When I planned my trip to India, cooking classes were high on the itinerary; with all the delicious food available on the subcontinent, surely I should learn a few culinary secrets myself? Kerala, my first destination, seemed to be a good place to get started: with mouth-watering fish curry, fiery sambar and flavourful spice blends, Keralan food was delicious.
I opted to take a class in Munnar named ‘Nimi’s Lip Smacking Dishes of Kerala,’ which had a mention in Lonely Planet and great reviews on TripAdvisor. Nimi Sunilkumar, who runs the class, has a growing culinary reputation. Her second book, ‘Nimi’s Lip Smacking Dishes of Kerala,’ was awarded titles at the 2013 Gourmand World Cookbook Awards, while her latest, ‘4 O’Clock Temptations of Kerala,‘ received the award for ‘Best Indian Cookbook’ in 2015 at Gourmand.
As Nimi was travelling, it took a few emails to sort out a suitable day on which the course was running, but my patience paid off, as the class lived up to expectations in every way.
Unlike some classes, which run to a strict two-hour schedule, Nimi’s class goes on as long as necessary, depending on the participants’ questions. In our case, we arrived at 3pm and left at around 7.30 – after eating the delicious food we’d prepared.
Nimi started the class by talking us through the ingredients typically found in a Keralan kitchen, allowing us to smell and taste all of the ingredients. She outlined which varieties of spice we should use, and how to identify freshness. Although some of the ingredients were familiar, there were also new ones, such as dried garcinia fruit, which is apparently essential in fish curry. There were other secrets, such as the necessity of using coconut oil as a fat and the widespread use of Kashmiri chilli powder, which is much milder than the ‘red hot’ version! I took copious notes, although sadly lost these when I dropped my iPhone among the boulders of Hampi. I’m planning to return to Munnar in April with some friends, and am hoping to do another class with Nimi – next time I will make sure to email the notes to myself!

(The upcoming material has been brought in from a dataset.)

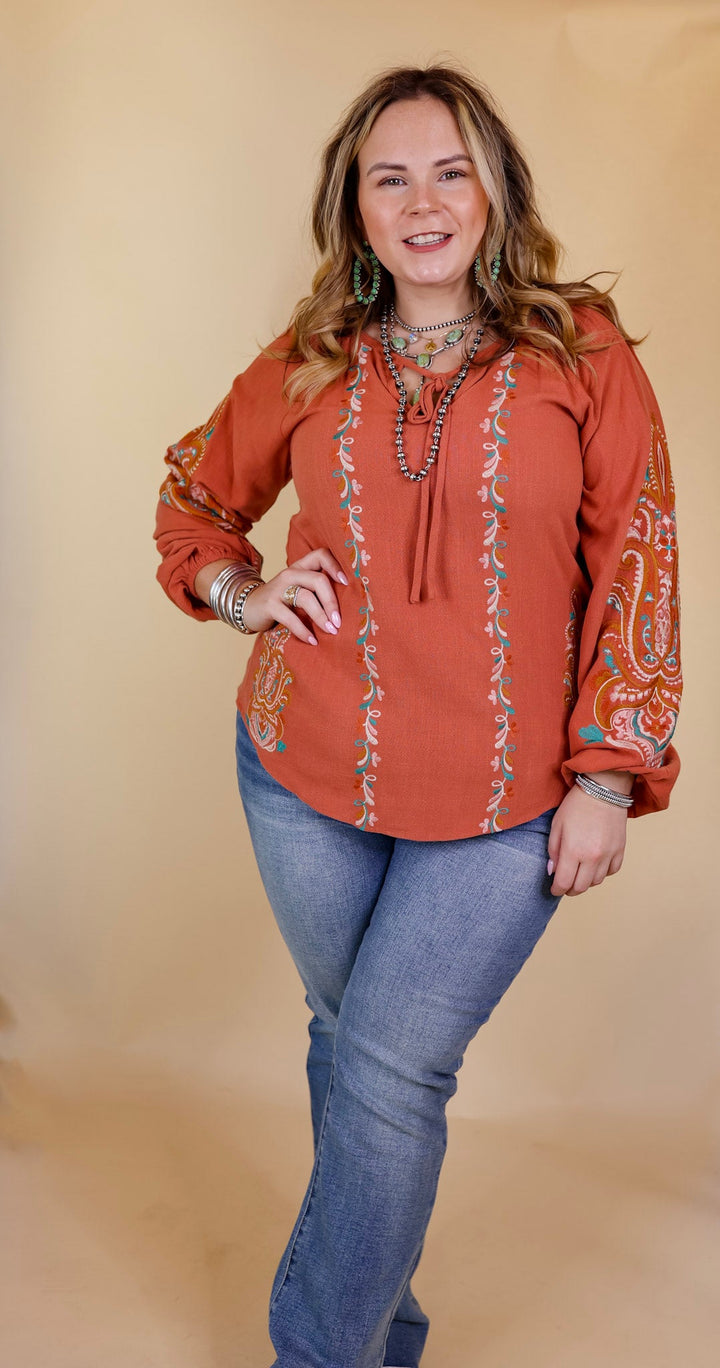 Warm Personality Floral Embroidered Long Sleeve Top with Front Keyhole and Tie in Clay Orange - Giddy Up Glamour Boutique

After we’d looked at the Keralan kitchen, we made five dishes together: string hoppers, sambar with shallots, chicken stew in coconut milk, a bean stir fry called achinga thoran, and banana doughnuts. The class was fairly hands on – whilst there’s only one stove, everyone chops and gets involved with other processes, such as pressing the string hoppers (which was super fun!). Nimi also makes sure everyone gets a turn at the stove, so the resulting food was a collaborative effort.
When we finished, we sat down to eat the fruits of our labor, along with some rice and parathas that suddenly appeared. The food was delicious: the sambar had a complex flavour and, while piquant, was not overwhelmingly spicy, while the stew was delicate with incredibly tender chicken. Stringhoppers are always a winner and, unsurprisingly, the banana doughnuts were very quickly devoured!
Nimi was very knowledgeable and clearly passionate about food – a self-taught cook, she loves the cuisine of Kerala and wants to share it with others. The other participants were also lovely and were keen foodies, which made for a very enjoyable afternoon. The price was reasonable at 1500 rupees, for which you also receive a free copy of ‘Lip Smacking Dishes of Kerala.’ You’d easily pay £15 for the cookbook on its own in the UK, so it was great to have it provided.
The only potential downside is that some of the dishes require specialist equipment not easily available in the UK – for the string hoppers, for example, you do really need an idlyappam pan, as well as a press. I can completely understand why this is, as authentic Keralan cooking requires different equipment than Western fare, but if you’re serious about replicating the food at home, you might need to go to one of Munnar’s kitchen shops.
Overall, though, this was a fantastic afternoon – I just hope all the cooking classes I go to are as good as this! A definite must-do if you’re in Munnar.